System for analysing of big data on cybersecurity issues from social media
Keywords:social media monitoring, cybersecurity, open-source intelligence, social media analysis, CyberAggregator
The paper proposes and substantiates approaches to building a corporate system for monitoring and analyzing social media on cybersecurity issues, which are based on the concept Big Data, Data/Text Mining, Information Extraction, Complex Networks, and Cloud Computing. The components of Elastic Stack technology, Sphinx information retrieval system, Graph Data Base Management System Neo4j, and Gephi graph analysis system are examined in detail. The main idea of a system for analyzing large amounts of data on cybersecurity issues from social media is the simultaneous application of methods and means of information retrieval, data analysis, and aggregation of information flows. The system should ensure the implementation of the following functions: the formation of databases by collecting information from certain information resources; settings for automatic scanning and primary processing of information from websites and social networks; maintaining full-text information databases; identifying duplicates similar in content to informational messages; full-text search; analysis of text messages, determination of tonality, the formation of analytical reports; integration with geographic information system; data analysis and visualization; study of the dynamics of thematic information flows; predicting developments based on the analysis of the dynamics of the publication in social media; providing access for many users to the functional components of the system.

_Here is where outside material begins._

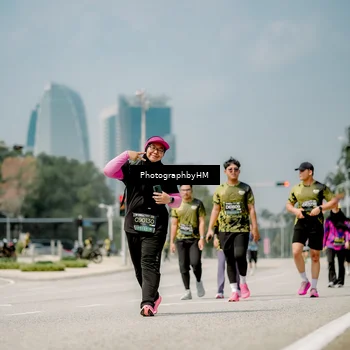 Runner Photo 6764331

The practical significance of the results is to create a working layout of the content monitoring and analysis system of social media on cybersecurity issues, ready to be used as a component in information and cybersecurity decision support systems. The interface of the system layout is considered, in which the functions of search, analysis, and forecasting of information appearance in social media are available. Central to the interface is a digest of the most relevant user needs. In the analytical mode, a number of tools are implemented for graphical presentation of the analyzed data, which are displayed as a time series of the number of relevant queries per day, as well as viewing the main topics, clusters grouped by predefined reference words. The system provides modes for forming networks of concepts that correspond to individual messages (persons, brands) and information sources that allow you to rank the concepts and explore the relationships between them.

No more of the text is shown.